Why isn't the product $\sigma$-algebra defined as the pre-image $\sigma$-algebra of the canonical projections

If instead of an arbitrary $f$, you use the two projections $\pi_1,\pi_2$ to generate a $\sigma$-algebra, then that will coincide with what is usually called the product $\sigma$-algebra (the one generated by "rectangles"). Using an arbitrary $f$ is kind of irrelevant because you're not exploiting the product structure.

More generally, let $\{(X_i,\mathscr{A}_i)\}_{i\in I}$ be measurable spaces, where $I$ is any non-empty index set. Let $X:= \prod\limits_{i\in I}X_i$ be the cartesian product of the sets (i.e the collection of all functions $f:I\to \bigcup_{i\in I}X_i$ such that for each $i\in I$, $f(i)\in X_i$... which is typically just written as $(x_i)_{i\in I}$ rather than the function $f$ notation). On the product space $X$, we can define two obvious $\sigma$-algebras: the product and box $\sigma$-algebras (but see my remarks below about terminology).


1. Product $\sigma$-algebra.

This is the smallest $\sigma$-algebra, $\mathscr{A}_{\text{prod}}$, on the product space $X$ such that each projection $\pi_i:X\to X_i$ (defined as $\pi_i(f):= f(i)$) is $\mathscr{A}_{\text{prod}}$-$\mathscr{A}_i$ measurable. This means: \begin{align} \mathscr{A}_{\text{prod}}&=\sigma\left(\bigcup_{i\in I}\pi_i^{-1}(\mathscr{A}_i)\right) \end{align} where $\sigma (\cdots)$ means the $\sigma$-algebra generated by the collection of subsets specified inside (the intersection of all $\sigma$-algebras containing the set inside). We're just taking all those sets required to ensure each $\pi_i$ becomes measurable, and making a $\sigma$-algebra out of those. Note that it is common to denote $\mathscr{A}_{\text{prod}}$ as $\bigotimes_{i\in I}\mathscr{A}_i$.

A nice fact about the product $\sigma$-algebra is that because it plays nicely with the projections $\pi_i$, we have the following theorem (as always when dealing with "products"):

Theorem.

Let $\{(X_i,\mathscr{A}_i)\}_{i\in I}$, where $I$ is a non-empty index set, be a collection of measurable spaces, let $X$ be the cartesian product of $X_i$, and let $\mathscr{A}_{\text{prod}}$ be the product $\sigma$-algebra as above. For any measurable space $(Y,\mathscr{B})$, and any function $f:Y\to X$, we have that $f$ is $\mathscr{B}$-$\mathscr{A}_{\text{prod}}$ measurable if and only if for each $i\in I$ the component function $\pi_i\circ f$ is $\mathscr{B}$-$\mathscr{A}_i$ measurable.

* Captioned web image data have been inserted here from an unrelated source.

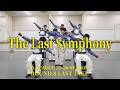 【LAST TAKE】FULLCAST RAISERZ / The Last Symphony -Dance Practice-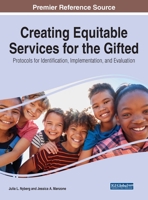 Creating Equitable Services for the Gifted: Protocols for Identification, Implementation, and Evaluation 1799881539 Book Cover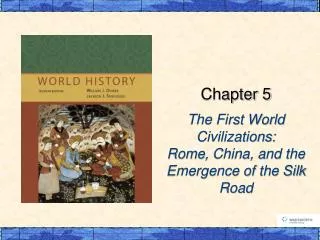 The First World Civilizations: Rome , China, and the Emergence of the Silk Road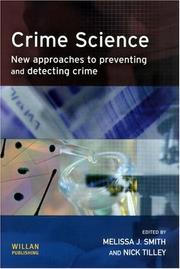 Cover of: Crime Science: New Approaches To Preventing And Detecting Crime (Crime Science)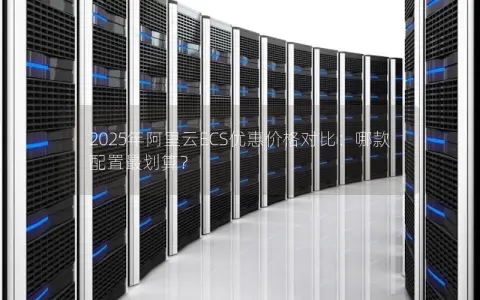 2025年阿里云ECS优惠价格对比:哪款配置最划算? 2025年阿里云ECS优惠价格对比:哪款配置最划算?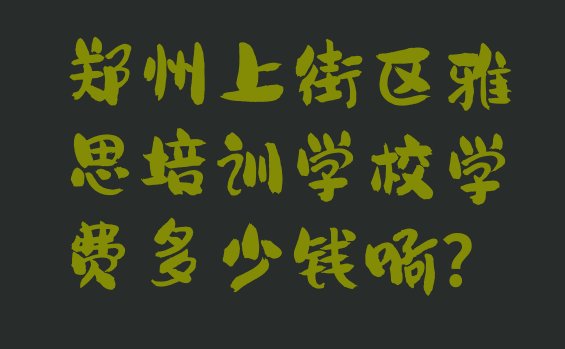 十大郑州上街区雅思培训学校学费多少钱啊?排行榜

The implication $\implies$ is trivial since composition of measurable functions (with correct $\sigma$-algebras) is again measurable. For the converse, you need to know that to prove $f$ is measurable, you just have to show that for some generating set of $\mathscr{A}_{\text{prod}}$, such as $\bigcup_{i\in I}\pi_i^{-1}(\mathscr{A}_i)$, all the preimages under $f$ lie in $\mathscr{B}$. But this is exactly what measurability of each $\pi_i\circ f$ means. This completes the proof.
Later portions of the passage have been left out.